Will the economic crisis and credit crunch harm students dependent on financial aid?
The answer is yes, but don’t be too alarmed.
The U.S. Department of Education will provide more than $83 billion in student aid to assist students’ higher education, which accounts for nearly 60 percent of all student aid. Students will still be able to apply and, depending on their economic status, most likely receive the necessary financial aid. However, lenders are taking precautions on what kind of student receives loans.
David McMahon, a 12-year veteran of Fannie Mae, said that lenders are going to be more cautious in handing out loans. “It’s going to affect students getting new loans because the credit is tighter,” he said.
Sallie Mae, the largest provider of educational loans in the United States, lost $1.6 billion in the fourth quarter of fiscal 2007 and has set aside $575 million to cover bad loans.

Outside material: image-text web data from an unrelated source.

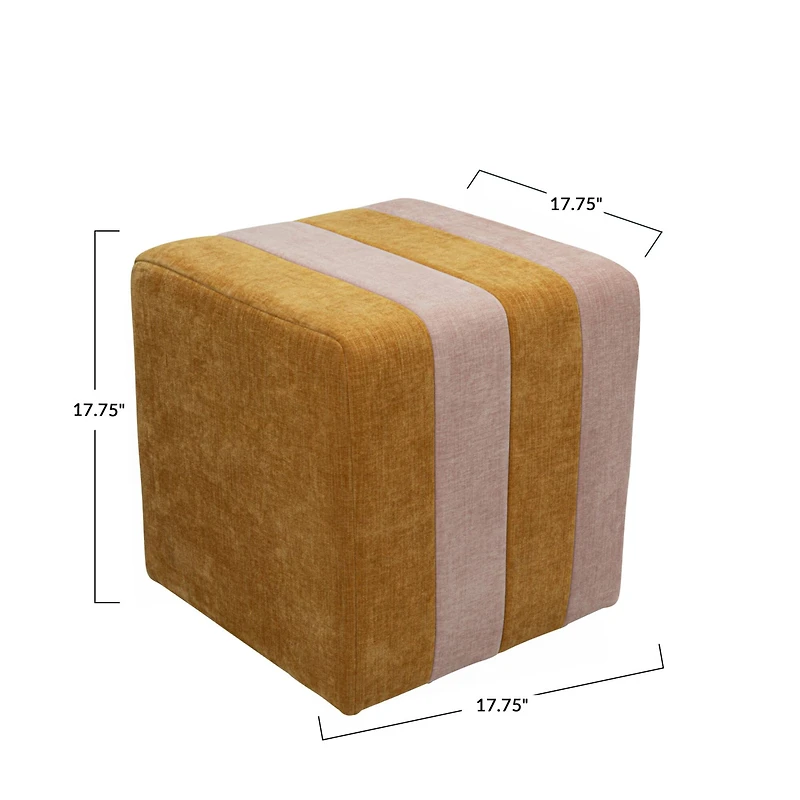 Hello Honey® 18" Modern Square Fabric Upholstered Striped Pouf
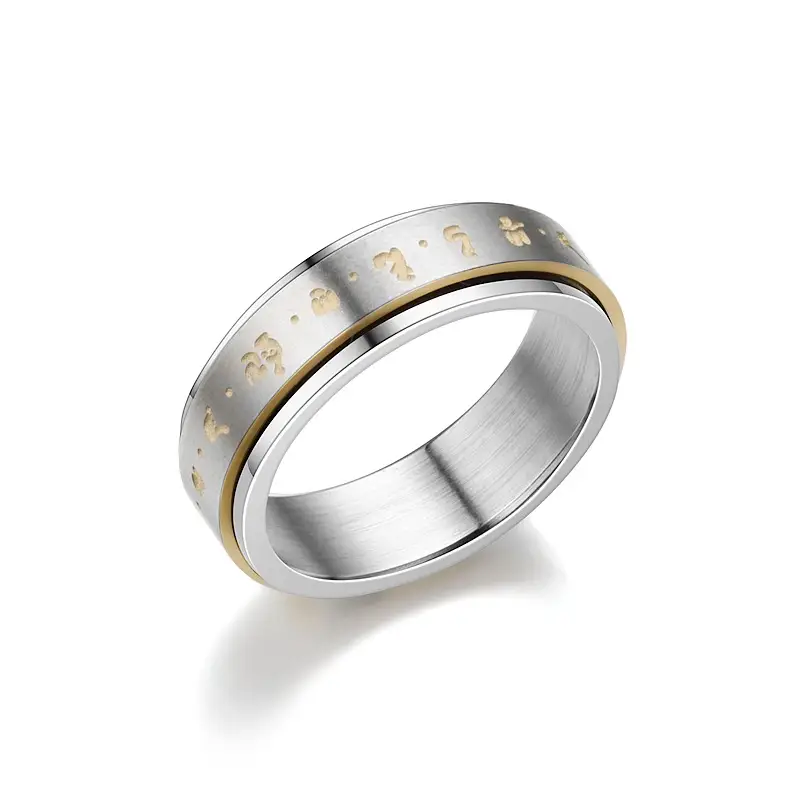 Six-Character Rotatable Ring for Women Men Gold Plated - Image 2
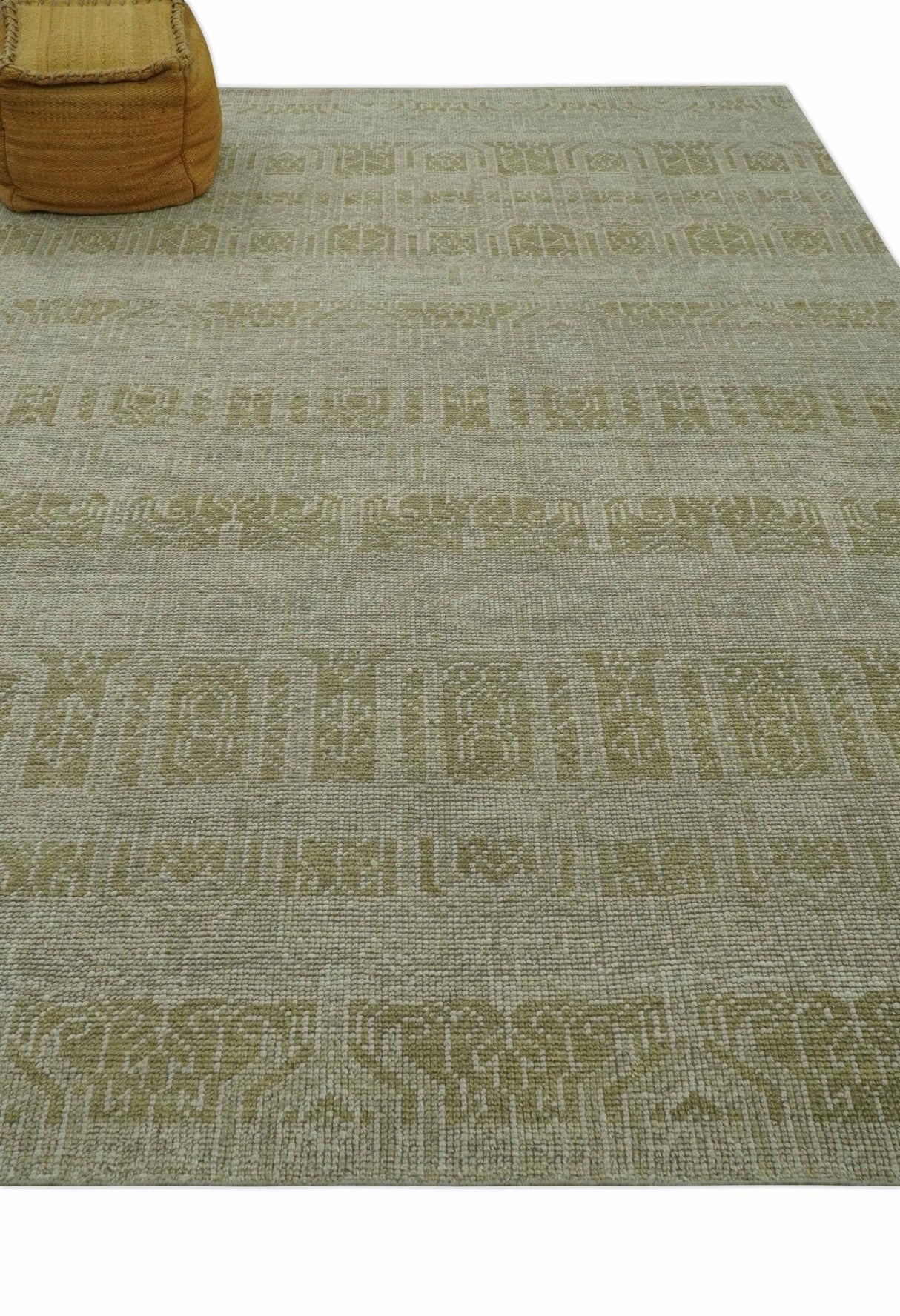 Custom Made Transitional Design Beige Hand Knotted Wool Area Rug
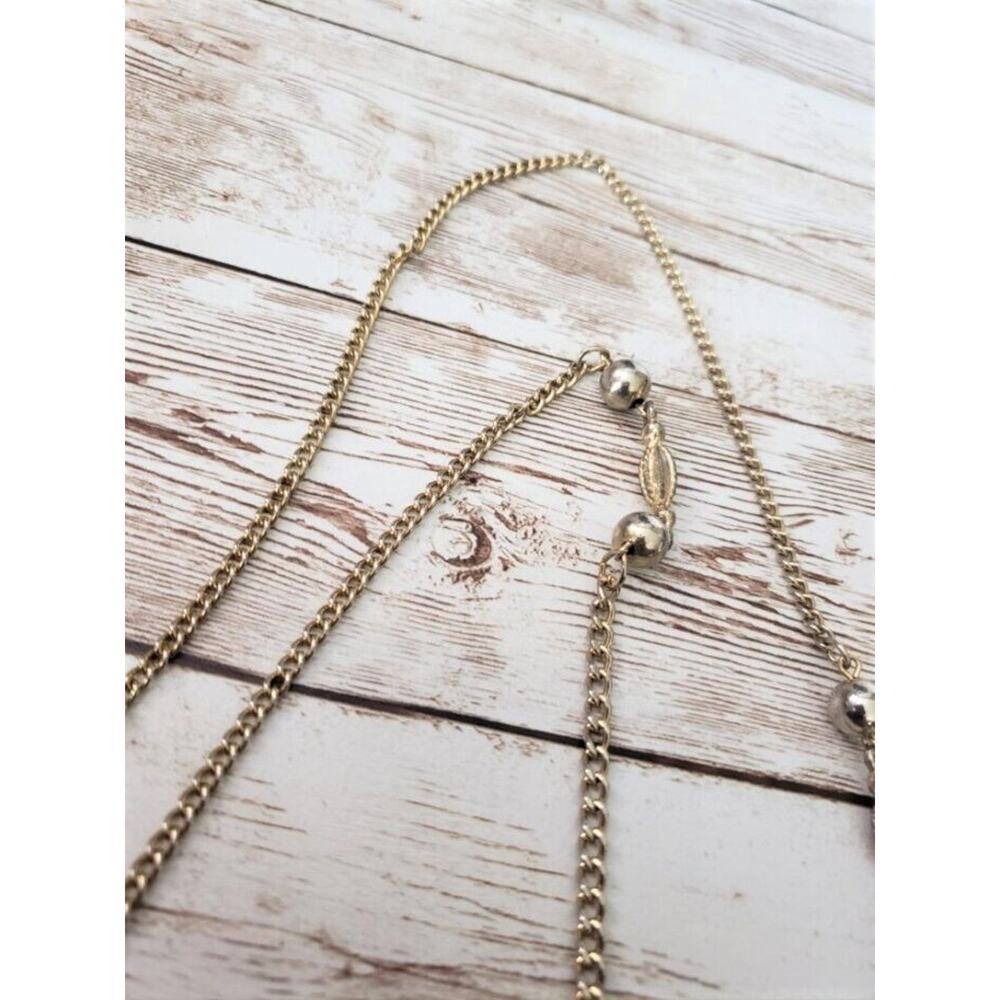 Vintage Necklace - Long Gold Tone Can Be Layered Statement Necklace - Picture 4 of 6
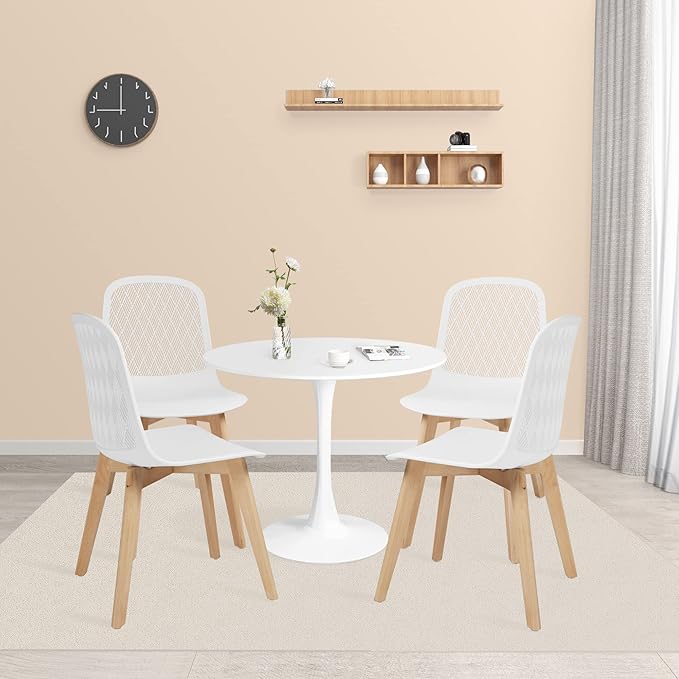 Armless Modern Chairs with Wood Legs for Living, Bedroom, Kitchen,Dining,Lounge Waiting Room, Restaurants, Cafes, Set of 4… - LeafyLoom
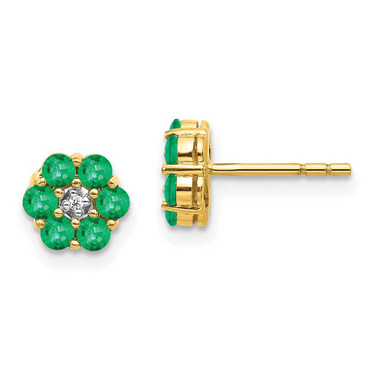Image of 6mm 14K Yellow Gold and Rhodium Emerald and Diamond Post Earrings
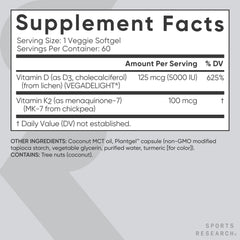 Sports Research supplement facts label showing Vitamin D3 5000 IU and Vitamin K2 100 mcg Vitamin K2 D3 supplement UAE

Sallie Mae CEO Albert Lord said the company is shying away from lending to students it considers unlikely to graduate or attending schools with inferior graduation rates.
In addition, credit crunches associated with a recession may increase rates for new student borrowers. This could dissuade students from taking loans because their debt will be higher.
“I went to SMU through scholarships, grants and loans and will be paying off my loans for a long time,” said 2002 SMU graduate Cassandra King. “The rates are already so high that I would be greatly concerned to see an increase. It would definitely have made me think twice about where I went to school.”
Private lending companies, another important source of student loans, are having a harder time borrowing money from their usual entities because banks simply aren’t giving out as much money. The Education Resources Institute Inc., TERI, the nation’s largest insurer of private student loans, filed for bankruptcy court protection on April 7, 2008.
On Oct.1, 2008, U.S. Secretary of Education Margaret Spellings delivered a speech entitled “Educating America: The Will and the Way Forward” at the John F. Kennedy Jr. Forum at Harvard University in Cambridge, Mass.
“The average private school graduate leaves college $20,000 in debt. One in 10 carries $40,000,” she said. “This often closes the door to opportunities like public service or teaching. So does the current credit crisis, and I hope Congress will pass a financial rescue plan that ensures that private student lending is not disrupted. I know they can do it, because we came together last spring in a bipartisan fashion to ensure that federal student aid was available this school year.”
As a private school, SMU students will most likely be affected more than state schools because of the higher tuition, but students who rely on loans to pay for school shouldn’t panic. Loans are available, they’re just going to be a little more difficult to attain. Students must watch rates as they may increase. Students should also make sure their credit scores are high because lenders, such as Sallie Mae, are taking a much closer look at borrowers. SMU students can visit the Laura Lee Blanton building and talk to a financial aid advisor in order to figure out the best plan to finance their education.